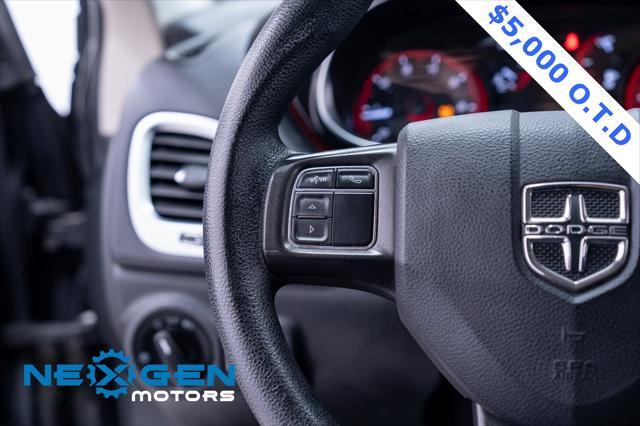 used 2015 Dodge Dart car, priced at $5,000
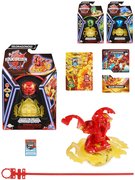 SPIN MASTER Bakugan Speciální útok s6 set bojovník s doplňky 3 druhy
...
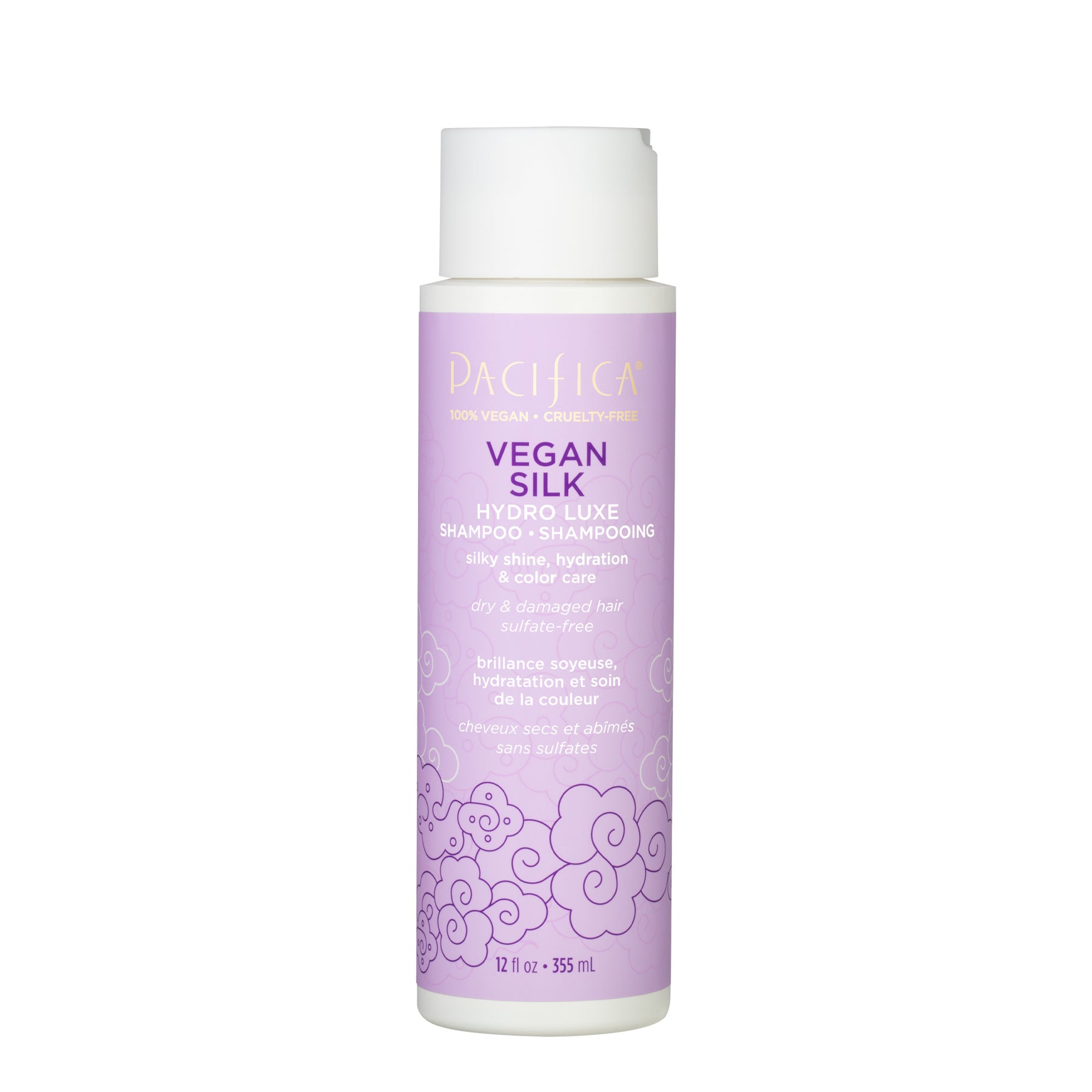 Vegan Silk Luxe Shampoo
--
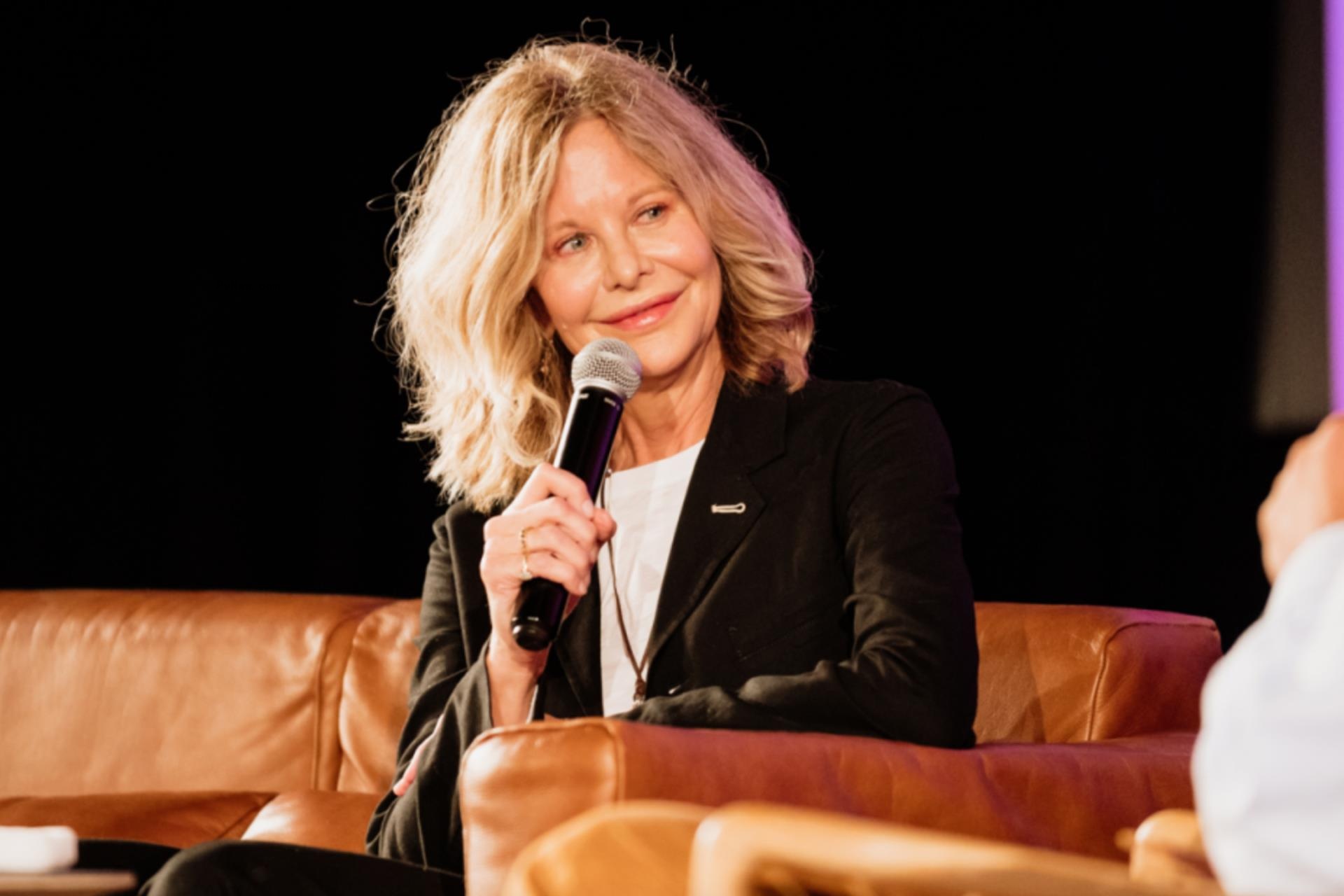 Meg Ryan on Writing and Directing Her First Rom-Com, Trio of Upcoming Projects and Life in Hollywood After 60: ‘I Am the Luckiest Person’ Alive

TASK STATEMENT →
Only one stretch of the entries above is needed: the lines from the one containing "used 2015 Dodge Dart car, priced at $5,000" through the one containing "SPIN MASTER Bakugan". Copy it exactly, without the pictures.

OUTPUT FOR THIS EXERCISE →
 used 2015 Dodge Dart car, priced at $5,000
 SPIN MASTER Bakugan Speciální útok s6 set bojovník s doplňky 3 druhy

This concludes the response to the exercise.